A common and wide spread inshore shallow water shark, the Tope is found all around the coast of Ireland.The Tope is one of the best Sport fish ireland has to offer and a true angling challange. Less common in certain parts of the south for some reason This shark can be found in packs of males or as loner females. Dingle, Westport, Blacksod,, Greystones, Lough Swilly, Fennit and Cahore Co. Wexford all see Tope caught each year when in season. Carlingford Lough saw a record of 66lb 8oz back in 1979 and a 70lb+ was caught in Greystones just in 2002. This shark has been caught in excess of 100lbs commercially which proves that the Irish record is still there for the taking.
The Tope is a versitile sharks and can turn up literally anywhere! They do however, usually turn up around sandy beaches and gullies where thhey prey on flat fish and the shoals of Whiting. Often found around strong tide races at headlands where they chase the shoals of Mackeral and Herring in August and September. Generally speaking Tope are not shy of shallow water and can be found in less than 12 ft even in the day time providing there are food fish in the area. They can also turn up on wrecks too chasing Pout and school Bass. In summary, the Topes habitat is really governed by their current food source and seasonal food fish. Sand banks are the usual haunt of the Tope and different areas will have their different times and spots to target them.
Tope come close inshore during April and May to have their live born pups. Their numbers climb around July, August and September in time with the coming of the Mackeral shoals. The winter months of October, November and December can see their fair share of Tope as they feed on shoals of Coalfish and whiting. As the numbers of foodfish dwindle so too do the Tope.

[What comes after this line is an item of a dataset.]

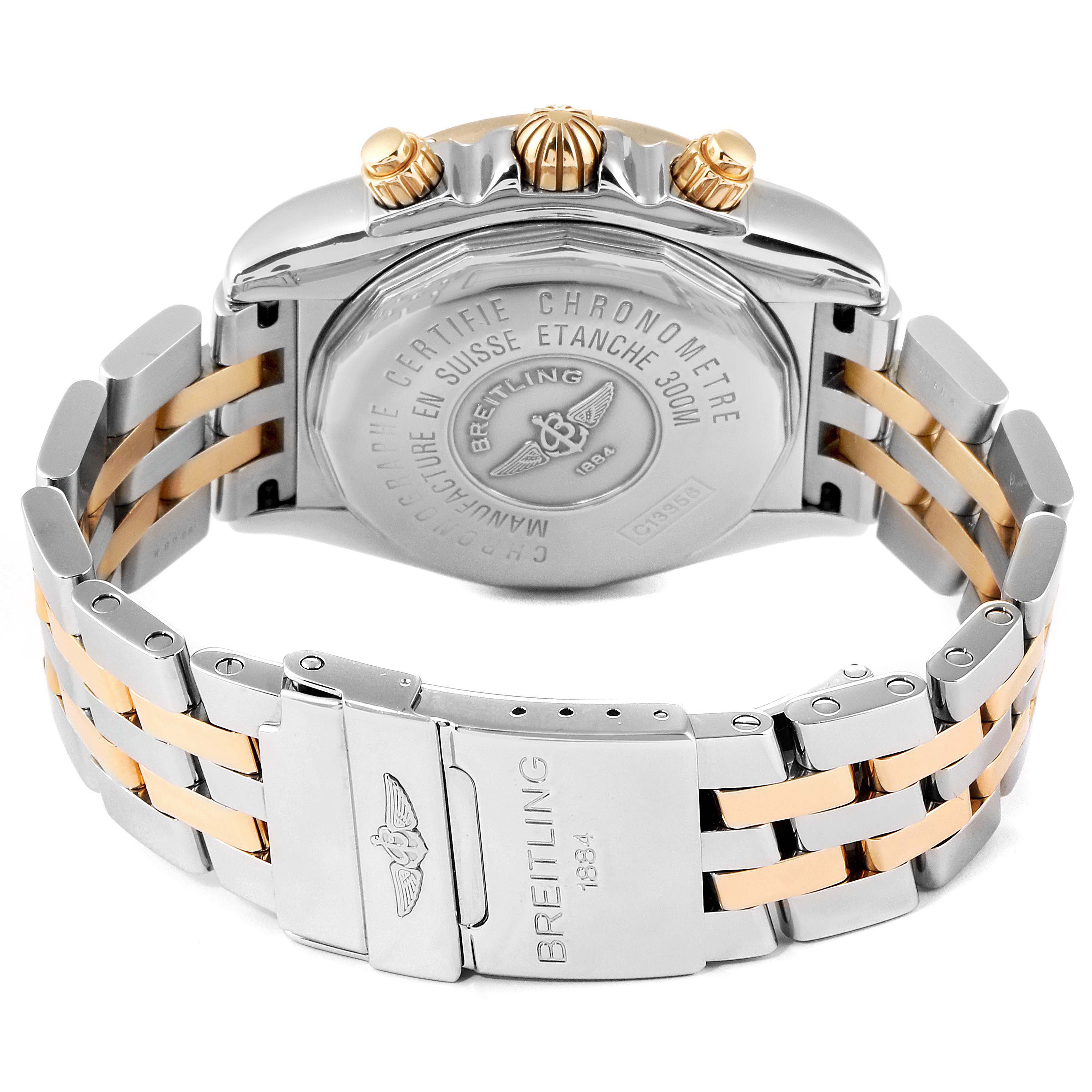 The image shows the back and clasp of a Breitling Chronomat C13356 Men's Steel and Gold (two tone) Silver Dial C13356 Men's Steel and Gold (two tone) Silver Dial watch, highlighting its bracelet and case back details.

Whiting, Dabs, Plaice, Launce, Codling and Pout. All these fish make great live baits for the Tope. The usual bait used by anglers however is the Mackeral flapper. Bait fishing for Tope is a slow process which requires 'rubby dubby'. Tope have on ocasion been found with large crabs and small lobsters in their stomachs! Half a Dab or Whiting is apparently a very good bait. Another one well worth a try is a half Dogfish flapper! It is very likely Tope Feed on these and they do bleed a lot when cut open. They are also very plentiful.
Strong Tide flows are good for spreading your rubby dubby trail but can wash a bait out. tope have been caught throughout different tides. It does not seem to affect them much but slack water does seem to slow things down.
Tides and Weather:
Shark fishing in all respects is a slow process that takes a great deal of patience often with no results. To be in with a chance you must play all the variables in your favour. Listen out in tackle shops for news of catches. When, Where, Particular day, What tide was on that day? Day or night? Armed with this information you at least know you are not wasting your time. A sliding ledger rig is needed with a flowing trace of about 6'. use abot five ft of 80lb mono ended in a wire trace. This is crucial as Tope can often bite through mono and their rough hide can often fray your main line resulting in a snap off.

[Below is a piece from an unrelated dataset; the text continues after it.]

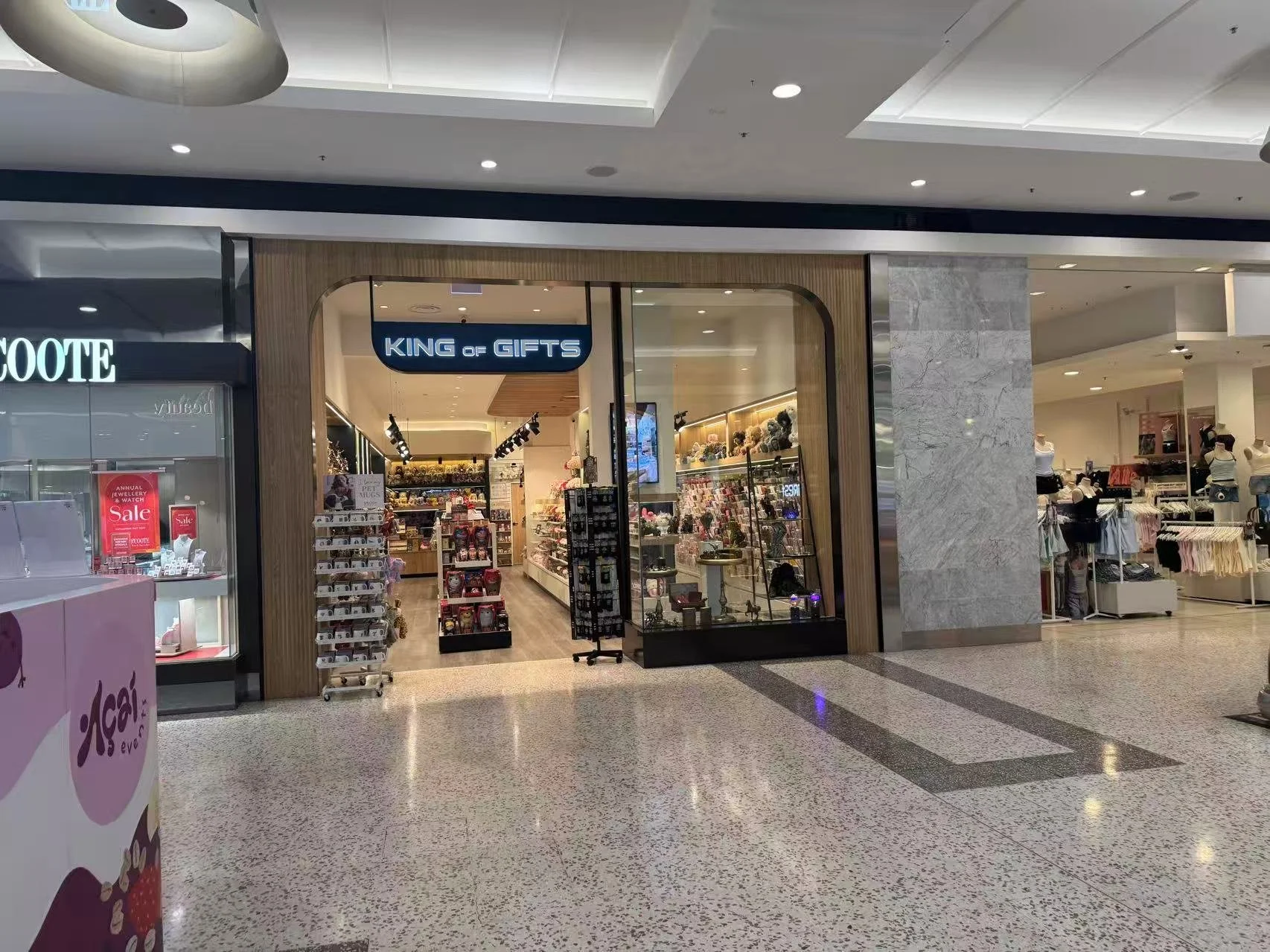 Entrance to a gift shop called 'King of Gifts' inside a mall. The shop has shelves with various gifts and accessories, and a digital sign displaying prices.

When targeting tope it is best to come prepared with a good supply of rubby dubby mix to be in with a good chance of attracting the Sharks. This is best prepared at home using a sealabl large lunchbox type container. Take several mackeral and liquidize the lot. You can add other bits of bait like old Ragworm , Squid, Sand eels, Shellfish if you wish. Now add a decent helping of ordinary cereal bran or bran flakes and again liquidize the lot. The bran soaks up the fish juice and adds some body to the slop. If you have no bran then bread is a good substitute. Tackle shops have various mixes you can buy and work well too. Also worth adding is bottled fish oil and squid oils you can buy from tackle shops. you can now pack this putrid mess into the container and seal it as to protect your car and public from the smell. This can now be loaded into a feeder and tied to the back of the boat to help attract the Tope. Some anglers like to tie their mix in a bag to their anchor ropein order to get it near the bottom.

It is a misconception that Tope need huge fish bait. They can easily take a Sandeel or strip of Mackeral. If they take your bait and continue to drop it then your baits are too large and you should drop down in size in bait and hook.

The initial run of aTope is usually their longest and so reels hould be set on loos drag. Never leave a rod simply resting against a gunwhale. Always have it in a rod holder or in your hand as rods can easily be pulled over the side never to be seen again. When the shark runs let him!. He will eventually tire after 50-100 yards depending on the size of the fish and it is then that you set the hook. There may be several dives before you get him to the boat but do not be afraid to give him line if he wants it. Use the Topes own Weight to remove the hook and return to the water.